A seafood menu that's easy on the wallet but not always on the palate
Something seems intriguingly off-kilter. The dinner entrees rarely break $20, but the square dining room has the look of a rich man's club. Vaulted copper ceilings and stained-glass chandeliers shimmer above dark, wood-paneled walls. And from the mezzanine, eight private velvet-curtained booths called "snugs" peer down, like skyboxes, at the bustling room below and its mostly business crowd that has fueled a power-restaurant boom on South Broad Street.

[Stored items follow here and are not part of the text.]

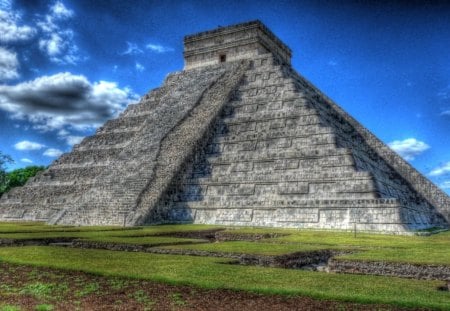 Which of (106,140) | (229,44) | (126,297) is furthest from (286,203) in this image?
(229,44)

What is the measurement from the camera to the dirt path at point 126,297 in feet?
24.0

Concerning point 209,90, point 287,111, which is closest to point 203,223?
point 287,111

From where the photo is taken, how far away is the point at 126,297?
313 inches

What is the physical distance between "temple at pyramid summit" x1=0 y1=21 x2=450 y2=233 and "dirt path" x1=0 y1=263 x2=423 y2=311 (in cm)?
1334

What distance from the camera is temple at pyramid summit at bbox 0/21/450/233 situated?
22172 mm

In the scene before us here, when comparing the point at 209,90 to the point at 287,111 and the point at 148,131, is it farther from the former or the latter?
the point at 287,111

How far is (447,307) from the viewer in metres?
7.00

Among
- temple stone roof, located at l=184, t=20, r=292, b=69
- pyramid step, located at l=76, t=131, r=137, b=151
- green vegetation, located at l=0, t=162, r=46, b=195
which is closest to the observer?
pyramid step, located at l=76, t=131, r=137, b=151

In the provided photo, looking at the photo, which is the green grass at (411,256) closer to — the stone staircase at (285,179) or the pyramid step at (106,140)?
the stone staircase at (285,179)

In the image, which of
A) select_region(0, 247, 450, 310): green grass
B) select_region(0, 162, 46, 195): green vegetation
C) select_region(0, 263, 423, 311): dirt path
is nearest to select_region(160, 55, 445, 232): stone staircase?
select_region(0, 247, 450, 310): green grass

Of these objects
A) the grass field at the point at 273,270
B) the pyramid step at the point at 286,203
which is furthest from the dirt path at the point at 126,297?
the pyramid step at the point at 286,203

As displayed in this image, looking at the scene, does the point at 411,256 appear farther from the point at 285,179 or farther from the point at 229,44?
the point at 229,44

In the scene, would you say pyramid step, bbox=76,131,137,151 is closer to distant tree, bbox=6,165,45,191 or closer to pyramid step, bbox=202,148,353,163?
pyramid step, bbox=202,148,353,163

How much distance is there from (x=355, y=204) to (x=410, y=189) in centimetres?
1000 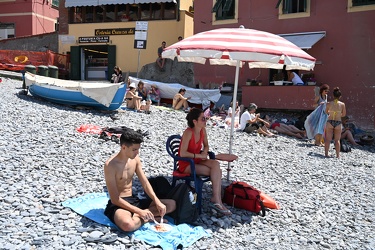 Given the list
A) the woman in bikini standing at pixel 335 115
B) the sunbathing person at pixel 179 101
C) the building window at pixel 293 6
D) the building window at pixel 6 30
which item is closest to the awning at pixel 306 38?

The positive impressions continue with the menu, printed twice a day to reflect the kitchen's stock of fresh seafood (which sometimes numbers nearly 40 items). It offers a nice blend of traditional and modern dishes, from fish and chips to ponzu-splashed sea bass, and prices are lower than expected.
But so is the quality of the cooking.
My first of four visits was certainly the best, a lunch in which everything was fine: a deep-fried soft-shell crab poking its crispy legs out of a soft brioche sandwich bun; a deftly grilled fillet of mahimahi glazed in mango barbecue sauce; and a moist, lumpy rendition of a classic fried crabcake. A selection of raw oysters from six different regions was nicely shucked, tender and briny cold.
The restaurant's young servers were pleasant and eager to please, though one could have been cast as The Waiter Who Knew Too Much, delivering a five-minute monologue on his personal menu favorites and a dissertation on the chemistry of each sauce before we'd even glanced at the menu.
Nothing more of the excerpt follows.